Sa camarade de lycée et de fugue Camille, 17 ans, avait été récupérée samedi dernier par ses parents sur le site de Notre-Dame des Landes, où les deux jeunes filles,qui se revendiquent des idées anarchistes, avaient décidé de se rendre pour partager le combat des opposants à l'aéroport.C'est Camille elle-même qui avait appelé ses parents pour leur indiquer où elle se trouvait. Rentrée dimanche avec eux au domicile familial de Lesperon (Ardèche),elle avait indiqué aux enquêteurs avoir vécu "une expérience riche" sur le camp de Notre-Dame-des-Landes résidant sous "une yourte collective" grâce aux dons des opposants au projet de construction de l'aéroport.

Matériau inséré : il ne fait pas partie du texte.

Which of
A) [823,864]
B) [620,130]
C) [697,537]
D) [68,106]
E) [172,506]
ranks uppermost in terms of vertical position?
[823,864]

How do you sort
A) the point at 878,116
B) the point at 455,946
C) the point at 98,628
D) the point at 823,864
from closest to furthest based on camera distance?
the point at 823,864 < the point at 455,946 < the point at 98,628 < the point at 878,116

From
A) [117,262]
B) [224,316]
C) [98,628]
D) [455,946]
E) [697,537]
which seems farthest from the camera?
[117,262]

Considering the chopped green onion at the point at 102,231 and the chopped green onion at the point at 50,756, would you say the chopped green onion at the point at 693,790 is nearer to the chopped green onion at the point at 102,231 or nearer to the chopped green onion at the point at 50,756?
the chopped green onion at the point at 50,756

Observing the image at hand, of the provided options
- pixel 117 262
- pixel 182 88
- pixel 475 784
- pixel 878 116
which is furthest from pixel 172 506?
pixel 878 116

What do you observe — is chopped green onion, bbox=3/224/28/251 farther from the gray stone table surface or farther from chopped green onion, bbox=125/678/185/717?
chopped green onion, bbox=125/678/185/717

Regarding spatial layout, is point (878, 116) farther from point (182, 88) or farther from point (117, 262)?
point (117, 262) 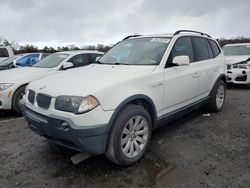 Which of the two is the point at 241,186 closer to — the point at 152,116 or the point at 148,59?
the point at 152,116

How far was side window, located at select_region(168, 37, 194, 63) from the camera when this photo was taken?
402 centimetres

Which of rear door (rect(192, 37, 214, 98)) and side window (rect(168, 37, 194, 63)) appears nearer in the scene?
side window (rect(168, 37, 194, 63))

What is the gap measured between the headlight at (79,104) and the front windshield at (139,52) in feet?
4.49

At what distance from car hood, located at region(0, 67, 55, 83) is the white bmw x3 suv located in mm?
2269

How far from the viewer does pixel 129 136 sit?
3.20 m

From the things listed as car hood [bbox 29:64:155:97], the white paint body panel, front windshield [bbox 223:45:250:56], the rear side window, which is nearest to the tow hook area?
the white paint body panel

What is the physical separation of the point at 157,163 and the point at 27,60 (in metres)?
9.40

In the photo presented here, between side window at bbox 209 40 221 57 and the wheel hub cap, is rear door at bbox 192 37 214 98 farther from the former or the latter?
the wheel hub cap

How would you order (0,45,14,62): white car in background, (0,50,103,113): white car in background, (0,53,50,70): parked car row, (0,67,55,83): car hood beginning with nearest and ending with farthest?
(0,50,103,113): white car in background
(0,67,55,83): car hood
(0,53,50,70): parked car row
(0,45,14,62): white car in background

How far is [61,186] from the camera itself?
2814 millimetres

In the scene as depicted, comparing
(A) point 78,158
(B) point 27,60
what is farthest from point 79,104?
(B) point 27,60

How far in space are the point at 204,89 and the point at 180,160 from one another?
1.99 metres

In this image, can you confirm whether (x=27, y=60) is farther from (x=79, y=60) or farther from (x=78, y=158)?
(x=78, y=158)

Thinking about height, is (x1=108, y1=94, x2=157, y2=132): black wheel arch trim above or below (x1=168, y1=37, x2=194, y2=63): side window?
below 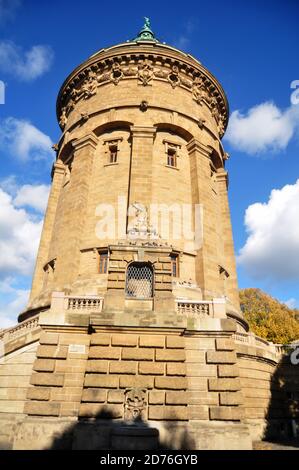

Malgré les appels de sa mère, Geneviève avait jusqu'alors refusé de faire comme son amie, affirmant encore dans Le Parisien/Aujourd'hui en France mardi qu'elle n'entendait pas rentrer au Puy-en-Velay car elle allait bien et se sentait "heureuse" parmi les opposants au futur aéroport et en accord avec elle-même et avec ses idées.
"Je ne partirai pas (...) Je veux vivre dehors, faire des rencontres inattendues, être libre de mes mouvements", expliquait-elle, demandant à sa famille "de respecter (son) choix"."Ici, on vit en communauté, et ça me plaît. Ensuite, je me reconnais dans le combat des anti-aéroport, un projet qui menace la nature sans être nécessaire. On défend une cause juste", poursuivait-elle.

"Une solution dans l'apaisement"


Camille avait eu dimanche un bref entretien téléphonique avec sa mère pour lui faire part de sa détermination. Sa mère en avait alors appelé à la "compassion" des adultes entourant sa fille pour la convaincre de rentrer chez elle.Ce à quoi, ses hôtes à Notre-Dame-des-Landes avaient répondu n'avoir "pas de pouvoir"."Nous avons réussi à lui faire passer le message qu'il fallait rassurer sa mère.Elle l'a fait et elle l'a appelée", avait expliqué à l'AFP une de leur porte-parole,soulignant qu'elle n'était "pas à la rue, perdue toute seule en France" comme de
nombreux mineurs en fugue.

De leur côté, le Procureur de la République du Puy-en-Velay et le SRPJ de Clermont-Ferrand,chargé de  l'enquête, avaient indiqué que le recours à la force publique pour récupérer la lycéenne fugueuse n'était pas l'option privilégiée et que "l'idéal était qu'elle change d'avis".Le ministre de l'Intérieur Manuel Valls avait souhaité que le retour dans sa famille de Geneviève se règle "dans l'apaisement", jugeant qu'il serait "dangereux  et d'envoyer des gendarmes" pour la récupérer dans le campement des opposants à l'aéroport. 

Le 4 décembre, alors qu'elles étaient dans leur lycée professionnel Charles et Adrien Dupuy, Camille et Geneviève, deux élèves de première, avaient prétexté une visite à l'infirmerie pour prendre la fuite.Inquiets de ne pas avoir de leurs nouvelles, malgré l'ouverture d'une procédure pour disparition de mineures au commissariat du Puy-en-Velay, les parents des deux jeunes filles avaient écrit au parquet pour que les recherches soient accélérées et que soit autorisée la diffusion de leurs photos dans la presse nationale.